July 7 (Bloomberg) -- Bank of America Corp. sold $2.5 billion of bonds as it nears a settlement on state and federal claims over faulty foreclosures that’s increasing investor confidence in credit of the biggest U.S. bank.
The transaction included $2 billion of 3.75 percent, five-year notes that yield 205 basis points more than similar-maturity Treasuries and $500 million of three-year, floating-rate securities that pay 155 basis points more than the three-month London interbank offered rate, according to data compiled by Bloomberg.
The cost to protect the debt of Charlotte, North Carolina-based Bank of America from losses decreased today as the lender, JPMorgan Chase & Co., Citigroup Inc. and two other firms are in advanced talks that may result in a settlement, which may exceed $20 billion, according to two people briefed on the matter who declined to be identified because the talks are private.
Credit-default swaps on Bank of America fell 4.5 basis points to 154 basis points as of 10:10 a.m. in New York, according to data provider CMA, which is owned by CME Group Inc. and compiles prices quoted by dealers in the privately negotiated market.
The contracts have dropped 27 basis points since June 27, the day before the lender agreed to pay $8.5 billion to resolve claims over sour mortgages made my investors including BlackRock Inc. Spreads on Bank of America’s bonds have narrowed 9 basis points over that span, according to Bank of America Merrill Lynch index data.
Credit-default swaps pay the buyer face value if a borrower fails to meet its obligations, less the value of the defaulted debt.

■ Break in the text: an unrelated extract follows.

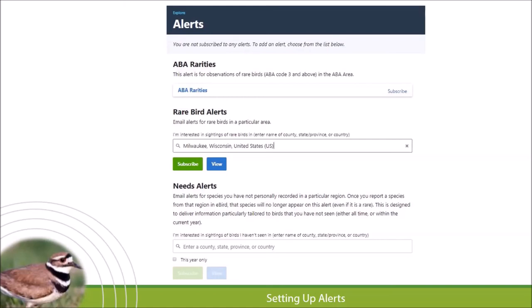With the last few minutes I want to get into rare bird alerts, because I know a lot of people are interested in this.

A basis point equals $1,000 annually on a contract protecting $10 million of debt.
In March, in its last offering of five-year, fixed-rate notes, Bank of America issued $1.5 billion of 3.625 percent debt that paid 172 basis points, or 1.72 percentage points, more than similar-maturity Treasuries, according to data compiled by Bloomberg.
The notes traded yesterday at 100.7 cents on the dollar to yield 3.45 percent, or 181 basis points more than similar-maturity Treasuries, according to Trace, the bond price reporting system of the Financial Industry Regulatory Authority.